There were some large dots left unconnected, most significantly the fact that Abdulmutallab’s father paid a November visit to the American embassy in Nigeria, warning them that his son was an Islamic extremist and possibly hiding in Yemen. Then, too, there was the rumor of an attack coming from a Nigerian in Yemen, and the knowledge that Al Qaeda in the Arabian Peninsula (AQAP) was planning a direct attack on America, tentatively from a Yemeni stronghold. Adding to the embarrassment: Abdulmutallab was on the Terrorist Identities Datamart Environment, or TIDE, watch list, and authorities in Detroit planned to question him; however, a snafu with the misspelling of his name led to him keeping his U.S. Visa and not being put on the “no-fly list.”
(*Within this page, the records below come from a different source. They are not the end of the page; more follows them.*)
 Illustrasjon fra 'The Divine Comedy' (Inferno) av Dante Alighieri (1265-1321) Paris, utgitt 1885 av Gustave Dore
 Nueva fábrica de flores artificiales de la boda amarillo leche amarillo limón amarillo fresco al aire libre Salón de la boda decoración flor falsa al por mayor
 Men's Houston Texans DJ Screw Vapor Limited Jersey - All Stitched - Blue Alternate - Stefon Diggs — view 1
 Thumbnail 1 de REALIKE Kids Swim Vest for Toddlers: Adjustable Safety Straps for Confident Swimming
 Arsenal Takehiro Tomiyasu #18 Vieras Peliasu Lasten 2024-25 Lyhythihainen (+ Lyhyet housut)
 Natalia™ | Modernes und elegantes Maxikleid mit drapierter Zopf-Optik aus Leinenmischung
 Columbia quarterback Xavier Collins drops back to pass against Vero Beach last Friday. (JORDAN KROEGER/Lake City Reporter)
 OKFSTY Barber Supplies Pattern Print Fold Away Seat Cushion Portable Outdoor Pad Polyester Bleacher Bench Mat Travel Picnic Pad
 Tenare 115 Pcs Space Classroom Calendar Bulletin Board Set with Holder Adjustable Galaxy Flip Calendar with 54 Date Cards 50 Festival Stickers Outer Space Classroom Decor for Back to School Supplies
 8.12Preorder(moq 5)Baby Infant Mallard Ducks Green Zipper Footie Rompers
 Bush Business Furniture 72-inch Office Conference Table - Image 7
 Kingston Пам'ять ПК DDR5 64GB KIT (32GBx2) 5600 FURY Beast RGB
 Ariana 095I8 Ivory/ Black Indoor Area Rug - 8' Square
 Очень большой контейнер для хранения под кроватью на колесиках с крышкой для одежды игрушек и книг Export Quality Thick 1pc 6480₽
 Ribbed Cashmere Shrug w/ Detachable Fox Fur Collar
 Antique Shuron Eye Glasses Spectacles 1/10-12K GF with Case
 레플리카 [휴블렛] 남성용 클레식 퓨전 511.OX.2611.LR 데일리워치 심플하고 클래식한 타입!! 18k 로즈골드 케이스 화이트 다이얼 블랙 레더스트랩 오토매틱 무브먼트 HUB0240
So no, Janet Napolitano, the system did not work quite as well as you said it did. But it did work insofar as it made clear how thin the reeds are upon which security stands. It made us consider whether we ought to reassess our policy toward security and intelligence, whether those thin reeds should, in fact, be sufficient basis to place someone on the no-fly list, and what possible repercussions that might have for international business, diplomacy, and security relationships. Not to mention the hundreds of unthreatening people who won’t be able to travel into the United States if the few detailed dots of the underwear bomber become the standard for acceptable intelligence.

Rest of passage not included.